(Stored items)
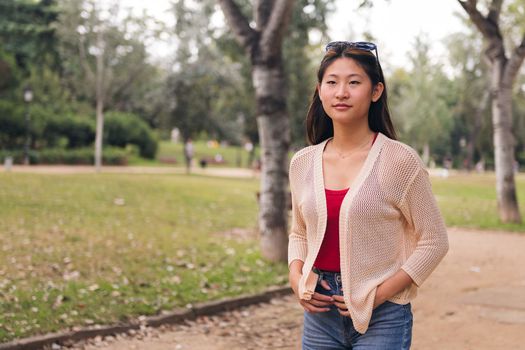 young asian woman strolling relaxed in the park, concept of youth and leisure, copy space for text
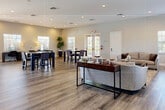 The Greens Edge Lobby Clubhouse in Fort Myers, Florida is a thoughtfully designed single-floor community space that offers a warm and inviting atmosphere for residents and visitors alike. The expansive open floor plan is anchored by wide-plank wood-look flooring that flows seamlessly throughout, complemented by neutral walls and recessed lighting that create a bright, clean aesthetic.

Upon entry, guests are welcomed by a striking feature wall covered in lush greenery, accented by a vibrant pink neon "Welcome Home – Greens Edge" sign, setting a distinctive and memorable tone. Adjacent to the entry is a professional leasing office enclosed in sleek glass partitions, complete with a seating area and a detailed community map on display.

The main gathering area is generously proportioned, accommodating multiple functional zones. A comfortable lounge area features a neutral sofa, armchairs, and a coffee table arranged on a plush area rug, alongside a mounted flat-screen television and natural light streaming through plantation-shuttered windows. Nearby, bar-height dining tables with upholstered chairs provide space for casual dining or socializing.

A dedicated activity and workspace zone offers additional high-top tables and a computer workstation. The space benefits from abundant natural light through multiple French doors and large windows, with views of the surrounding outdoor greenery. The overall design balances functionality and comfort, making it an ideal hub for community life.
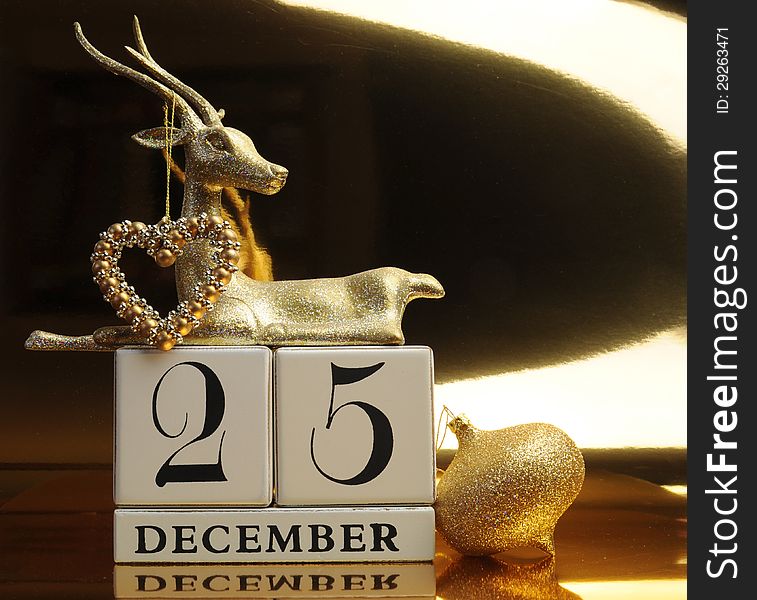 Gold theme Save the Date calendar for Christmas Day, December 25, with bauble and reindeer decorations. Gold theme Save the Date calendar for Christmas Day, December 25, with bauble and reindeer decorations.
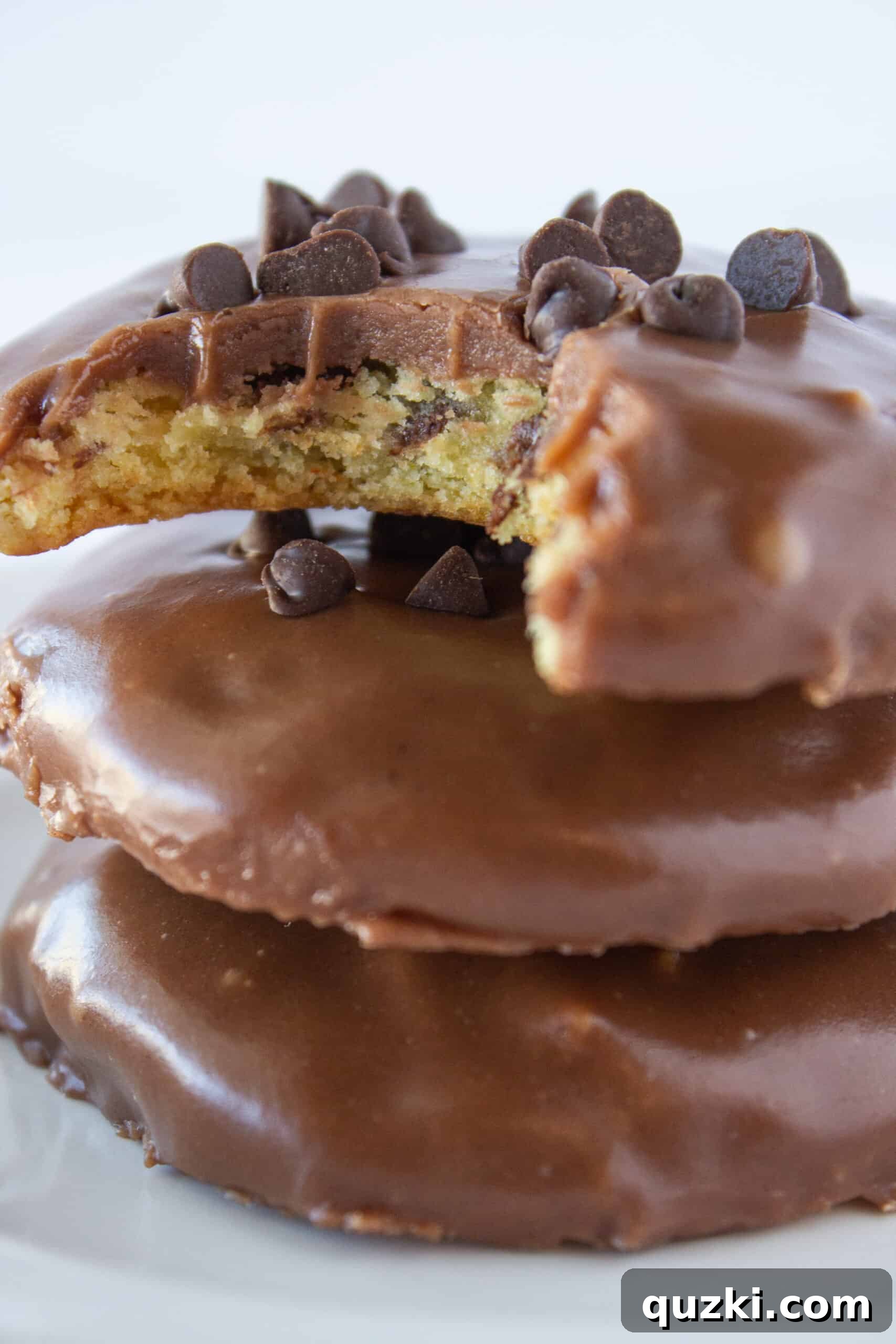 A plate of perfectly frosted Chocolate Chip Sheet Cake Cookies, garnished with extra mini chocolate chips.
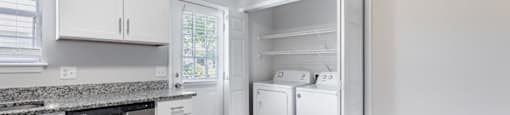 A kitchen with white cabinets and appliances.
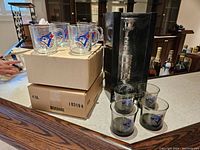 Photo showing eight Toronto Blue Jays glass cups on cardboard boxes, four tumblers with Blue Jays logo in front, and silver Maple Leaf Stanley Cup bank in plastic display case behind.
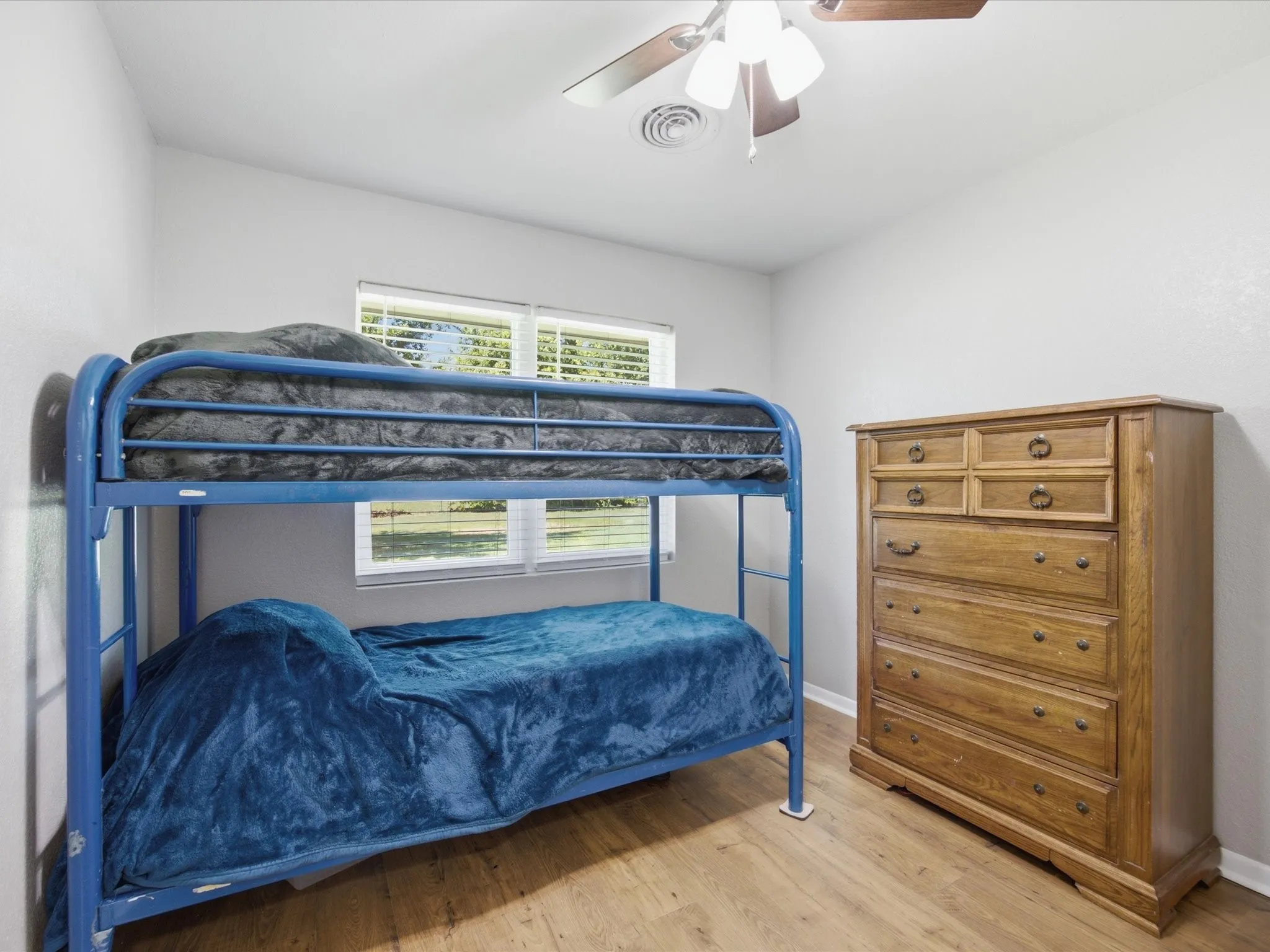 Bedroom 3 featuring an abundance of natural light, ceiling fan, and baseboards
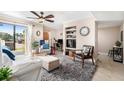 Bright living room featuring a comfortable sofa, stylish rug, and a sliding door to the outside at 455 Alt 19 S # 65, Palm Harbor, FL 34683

==

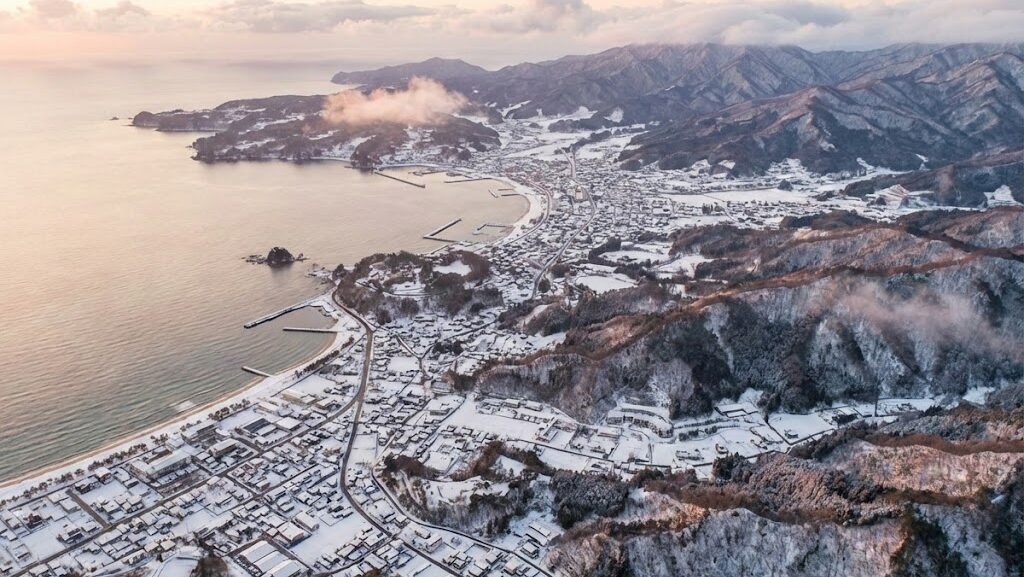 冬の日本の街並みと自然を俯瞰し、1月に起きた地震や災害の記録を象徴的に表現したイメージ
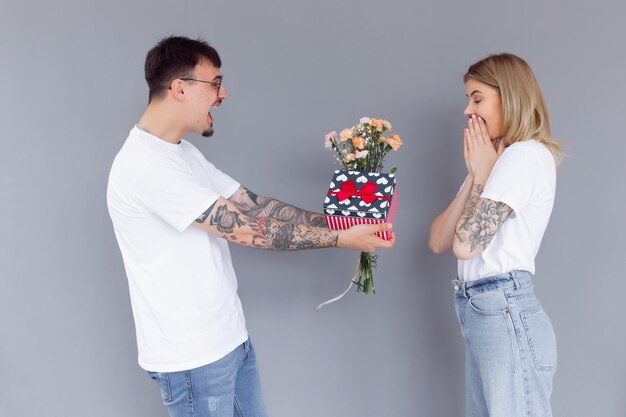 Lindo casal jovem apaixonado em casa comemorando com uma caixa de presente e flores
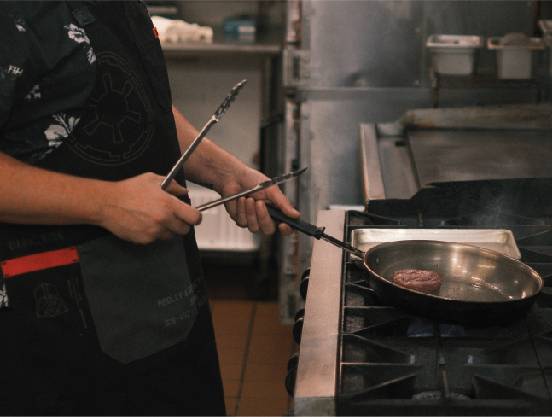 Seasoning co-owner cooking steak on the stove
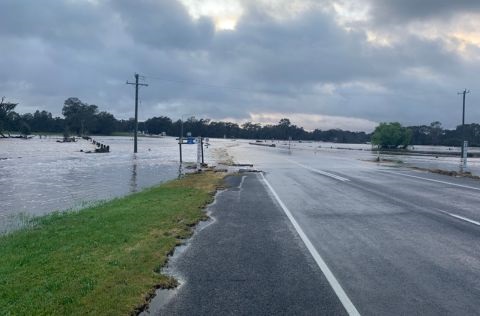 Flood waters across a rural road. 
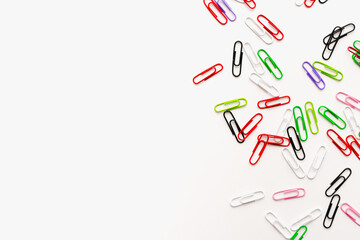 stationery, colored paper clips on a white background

[Problem requirements]:
Could you repeat, exactly, only the lines above starting at the one that has "冬の日本の街並みと自然を俯瞰" and stopping after the one that has "stationery, colored paper", without the pictures?

[Exercise result]:
 冬の日本の街並みと自然を俯瞰し、1月に起きた地震や災害の記録を象徴的に表現したイメージ
 Lindo casal jovem apaixonado em casa comemorando com uma caixa de presente e flores
 Seasoning co-owner cooking steak on the stove
 Flood waters across a rural road. 
 stationery, colored paper clips on a white background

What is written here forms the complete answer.